Q. Though he was a key participant in Henry VIII’s turn to a rather pragmatic Protestantism, Thomas Cranmer somehow became a legitimate leader of the English Reformation. Can you tell us more about his background, and about what might have inspired his turn from belief in an episcopal church to a dedication to direct experience of the Bible?
A. I’d argue that Cranmer’s overall contribution was not pragmatic, but literary and inspirational (through the lasting beauties of the English Book of Common Prayer). Like all earlier 16th-century “Protestants” (remember my warning earlier), Cranmer was trained in the Catholic priesthood. Luther’s ideas, among others, would have had a powerful impact — as would those of reforming Catholic humanists like Desiderius Erasmus.

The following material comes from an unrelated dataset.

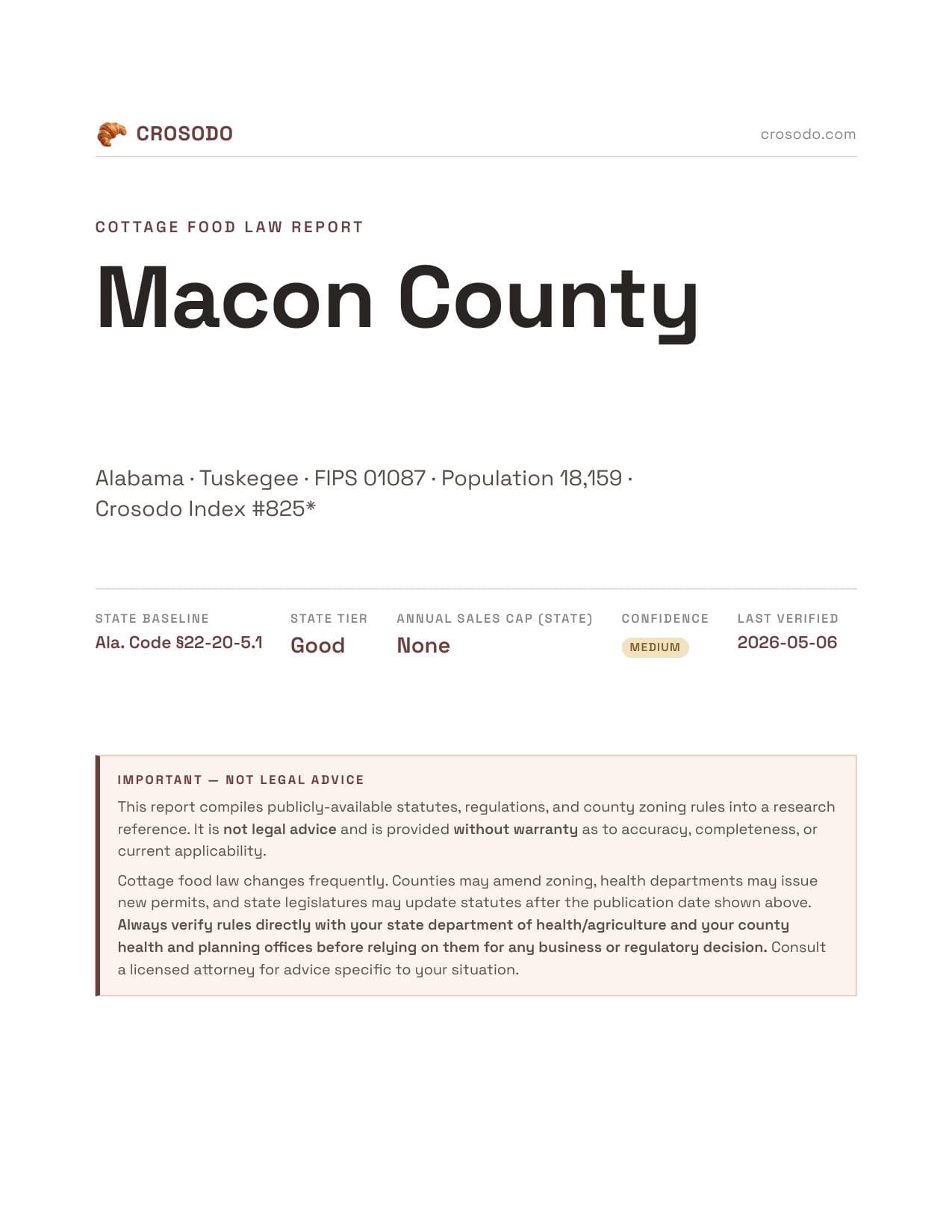 Cover of Macon County county cottage food report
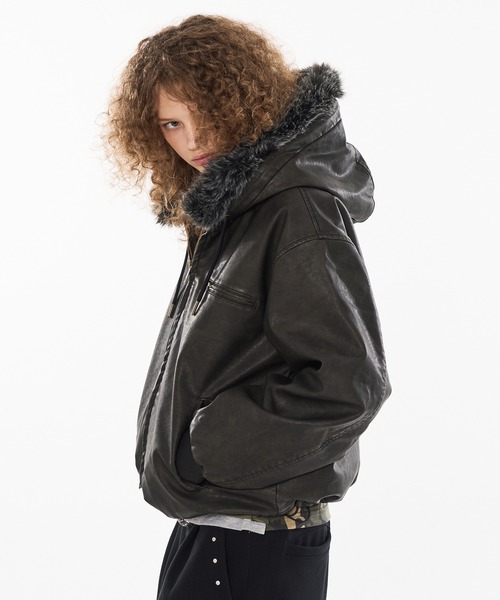 新色登場】DRAW CODE DOUBLE ZIP ARTIFICIAL 2WAY HOOD BLOUSON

Under Henry VIII, Cranmer practiced a canny sort of realpolitik (the only way to survive, to tell the truth) but it’s pretty clear the new ideas from the Continent were a great influence on him.
Of course, again this issue of historical retrofit comes in to mess up our take on this. What was emerging in the early 16th century was called “evangelicalism” by its proponents, and could easily have been seen as a reforming movement the Catholic Church would contain. In fact, many of the reforms proposed by early 16th-century “evangelicals” were taken up at the Council of Trent and subsequently espoused by the Roman papacy. It does seem clear, however, that Cranmer needed the liberating religious atmosphere established in the reign of Edward VI to allow his ideas freer expression. So he spans the two generations of thought.
Q. Would it be wrong to use the word “fundamentalism” in describing the Puritan movement? The Puritans are often seen as advocates for religious freedom, which was apparently far from the case. …
A. Yes, I think it would be wrong, as it is such an anachronism. No one in the 16th century would have advocated religious freedom; going to church was not optional and only the most radical (and thus hounded and discredited) Christians would have argued that people could have a choice about how to worship God. In terms of biblical “inerrancy” (another problematically anachronistic term, or at least one that is way too loaded in this day and age), everyone in the 16th century was a fundamentalist; in terms of the rejection of Roman Catholicism for a religion based upon the Bible, Puritans were pretty much like all Protestants in England — just more impatient for further reforms (they wanted all traces of Catholicism erased from the English church, including its episcopal structures and material appearances) and increasingly vocal about it.
As for me, I tend not to draw strong connections between a disparate historical phenomenon like Puritanism (of which there are many forms in the period I study) and current events. The past, even “our” past, is pretty much a foreign country, in my opinion; we invade and domesticate it at our peril, and historians do best to be a bit humble and respectful in its presence. That this country was founded (at least in the Northeast) by fierce advocates of the freedom to make people worship in ways the English government would not approve is a fact that always gives me pause, however.